Jesus told us to pray, believing that we had already received the thing we are praying for… and it would happen. Really?
He said that if we asked for anything “in His name”, He would grant it. Is that true?
He talked about telling a mountain to be picked up and thrown into the sea and that if we believed it would happen. I have never been around a person that prayed a prayer like that and then witnessed mountains flying through the air.
I am not suggesting that Jesus is wrong, or that He was merely teasing us, or that His words have been corrupted over the years, But it’s obvious that praying in the “name of Jesus” is the key to understanding the power and efficacy of prayer. Praying in His name, is praying like He prayed and with the mindset that He had. That explains why we do not see mountains floating in the sky or some of my prayers being answered! So often my prayers resemble Christmas list of presents I want or occurrences I am hoping will happen so that my life will be easy.
To have “His mind” when I am praying means that I am not praying for selfish blessings or for things that might dilute/compromise my witness, hinder the work of His Kingdom on earth, or make me into a spiritual midget. He prayed for things that glorified His Father or that brought blessings to others. Rarely were His prayers ever about Him or His needs.
And so early this morning today I thought about the things that were sapping my strength and focus. I thought about how I have prayed in the past, and this time I determined to change my mind set from my personal, biased perspective, and to instead pray as if I were Jesus—-that is, to pray believing that God heard me, and praying with a goal that was rid of selfish ambition.

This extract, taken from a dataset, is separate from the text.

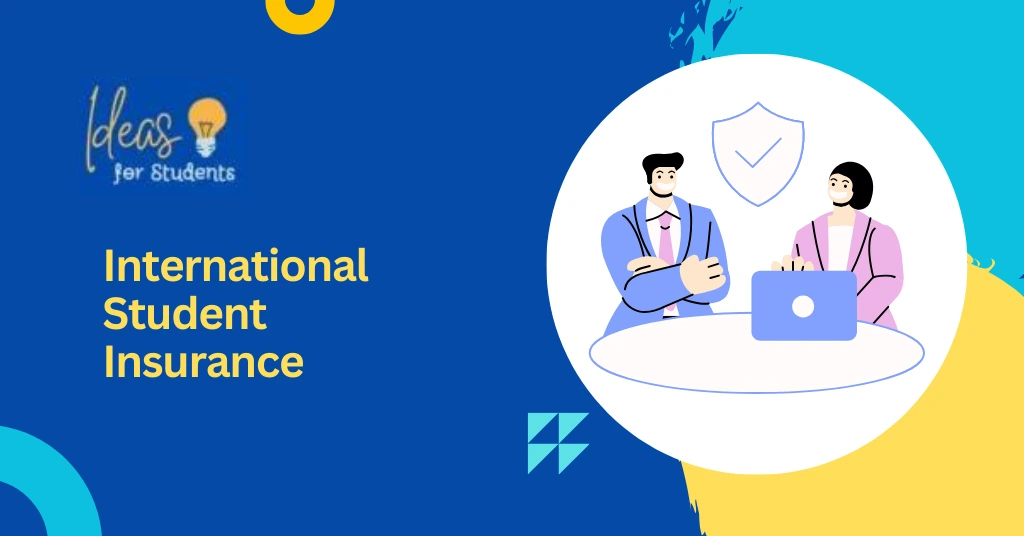 International Student Insurance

It felt good to pray like that! It was as if I had reached a new understanding of prayer and had entered into a level of prayer I had not been experiencing, and I noticed that I was able to pray with more resolve and faith that my prayer was pleasing to God the Father. Something was released within me when I gave up any pretentiousness in my prayer and I honestly could see that I was now not praying for a hidden agenda, but “in Him”. I began to understand the purpose of prayer for His perspective, not my own.